A recent Wall Street Journal article has shed some light on the growing number of small business owners using peer-to-peer lending websites to help fund their businesses. With small-business owners being turned away by banks or not interested in with unattractive lending terms, a growing number of small business owners are turning to Internet sites that match borrowers with large pools of lenders when they need to borrow funds for their business. This has led to the increased popularity of internet sites that focus on peer-to-peer lending.
Peer-to-peer lending sites, such as Lending Club and Prosper have seen a large increase in the number of private loans being completed via their websites. The way the majority of peer-to-peer lending websites work is that the sites generally charge borrowers a fee for connecting them to a network of lenders.
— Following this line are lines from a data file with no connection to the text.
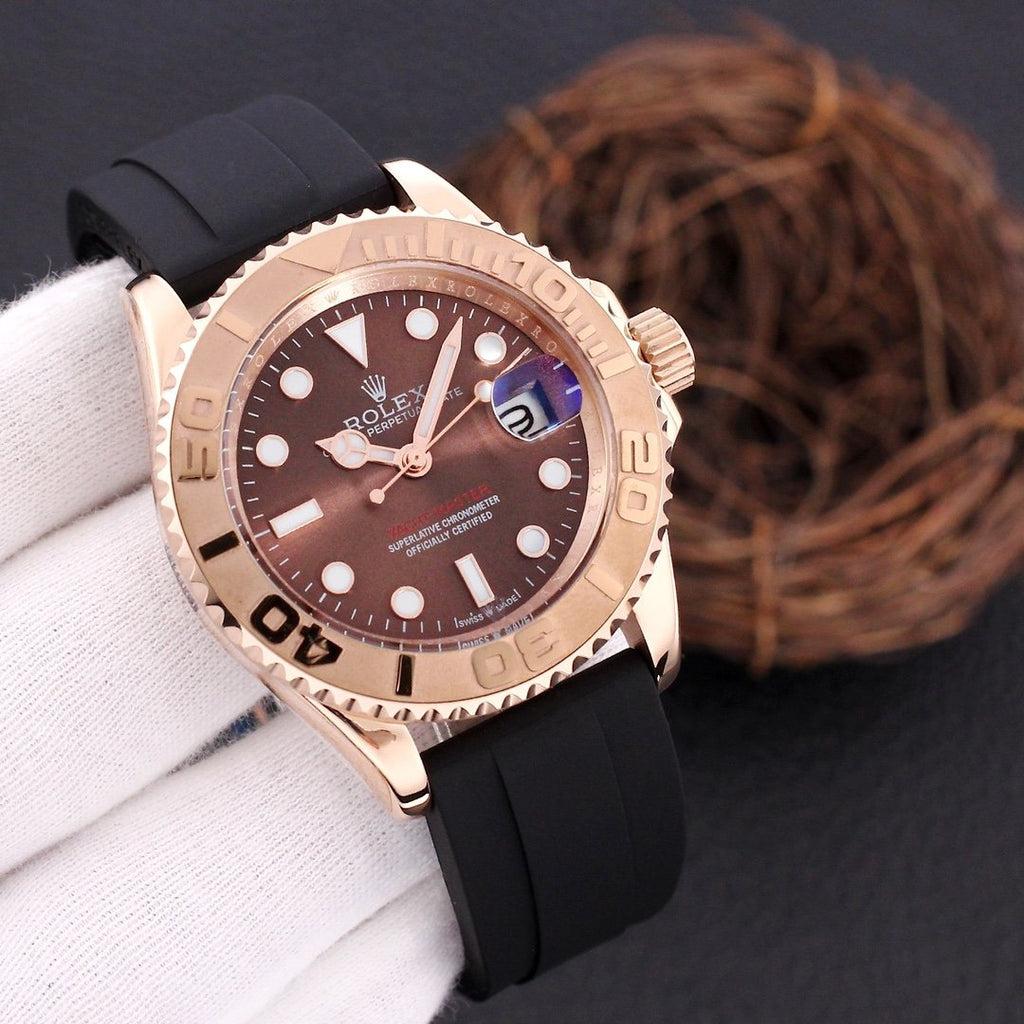 CLASSIC STAINLESS STEEL CASE RUBBER STRAP WATCH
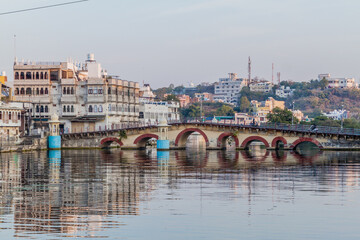 Obraz premium Chandpole Bridge over Pichola lake in Udaipur, Rajasthan state, India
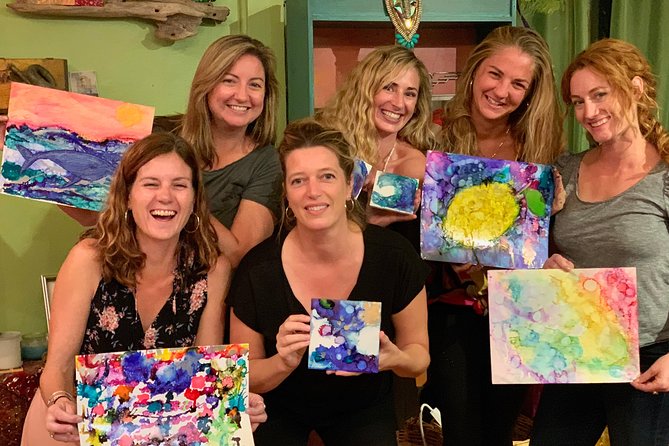 Art & Wine Events in St Thomas - Wine options and how to keep the evening comfortable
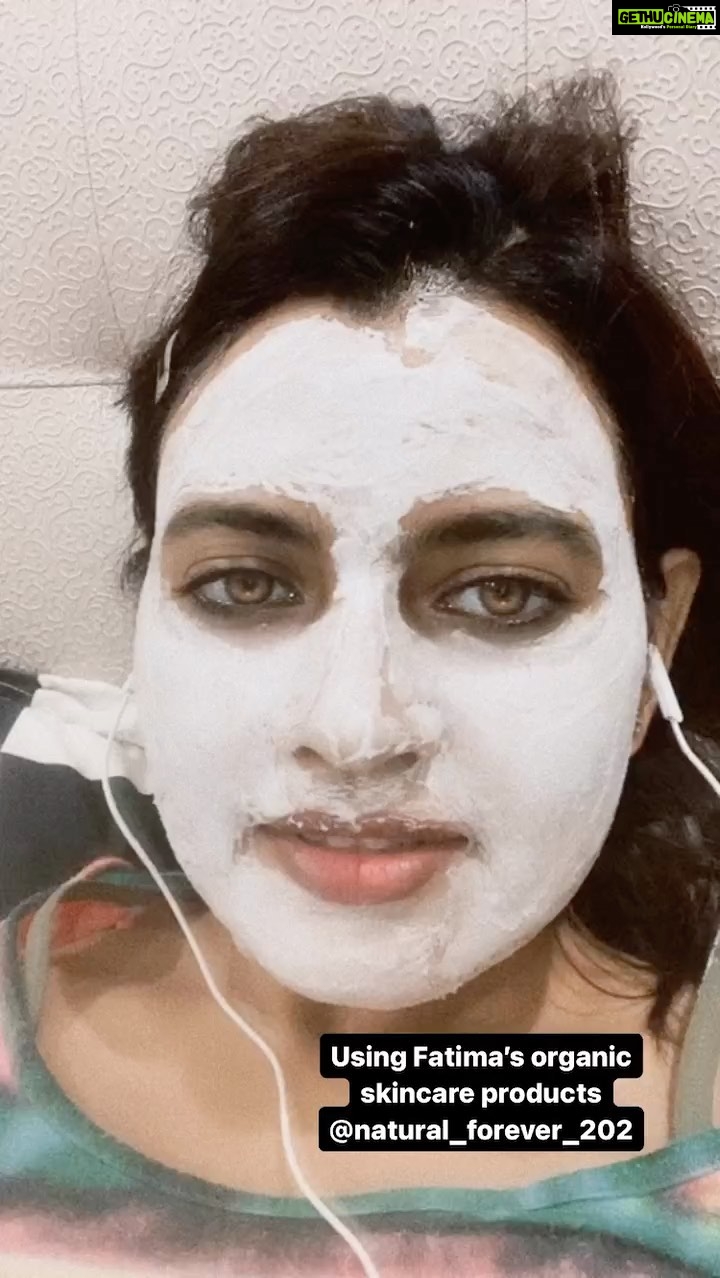 Leslie Tripathy Instagram - Using #organicskincare products by @natural_forever_202 #womeninbusiness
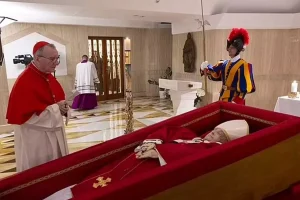 vatikan-papa-francisin-acik-tabuttaki-fotograflarini-yayinladi-26tp46jp.jpg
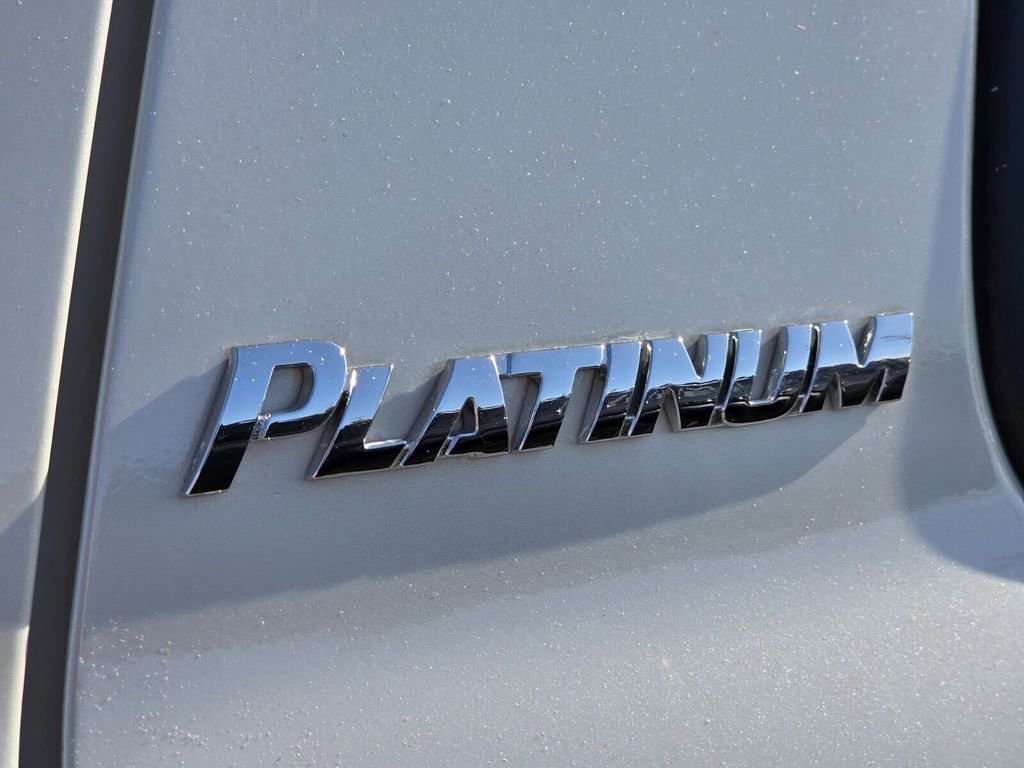Used 2014 Toyota Sequoia Platinum AWD/4WD image 8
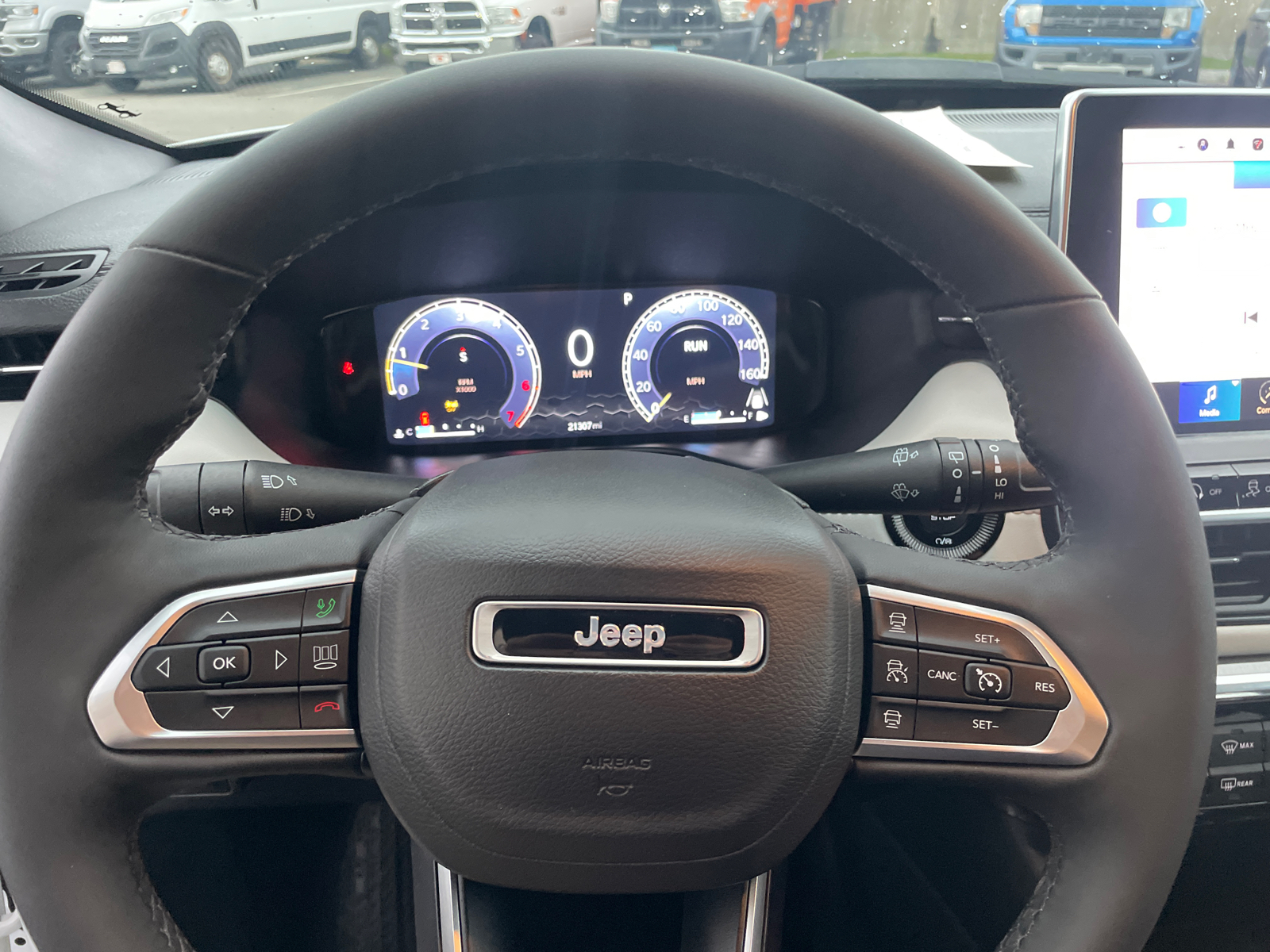 2023 Jeep Compass Limited 27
Lenders are paid back with interest, with the rate set on the basis of a site-assigned credit rating, minus the site’s fee. Most loans are for less than $10,000, but they can exceed $30,000.
A number of savvy investors have recognized that the IRS does not prohibit the use of retirement funds, such as IRA and 401K Plan assets, to be used for peer-to-peer lending. As long as the lender or borrow is not a disqualified person pursuant to the rules under Internal Revenue Code Section 4975, one can use their retirement funds, either through a Self Directed IRA or Solo 401K Plan, to engage in peer-to-peer lending.
With the establishment of a Self Directed IRA LLC or a Solo 401K Plan, a retirement investor would be able to access his or her retirement funds in order to engage in peer-to-peer lending transactions with friends or through websites such as Lending Club or Prosper. Since interest generated by a retirement account is tax free and not subject to the Unrelated Business Taxable Income rules under Internal Revenue Code Section 512, interest generated by the loan will be received tax-free by the retirement plan.
The use of a Self Directed IRA or Solo 401K Plan to engage in peer-to-peer lending transactions is a very attractive tax efficient structure since all interest will flow back to the Self Directed IRA or Solo 401K Plan tax-free. The way the peer-to-peer loan transaction would work is as follows: The lender of the loan would be the Self-Directed IRA LLC or Solo 401K Plan. The loan to the borrower, who must not be a disqualified person, would be made in the name of the Self Directed IRA LLC or Solo 401K Plan. The borrower would make interest and principal payments directly to the Self Directed IRA LLC or Solo 401K Plan. All interest received would be tax-free.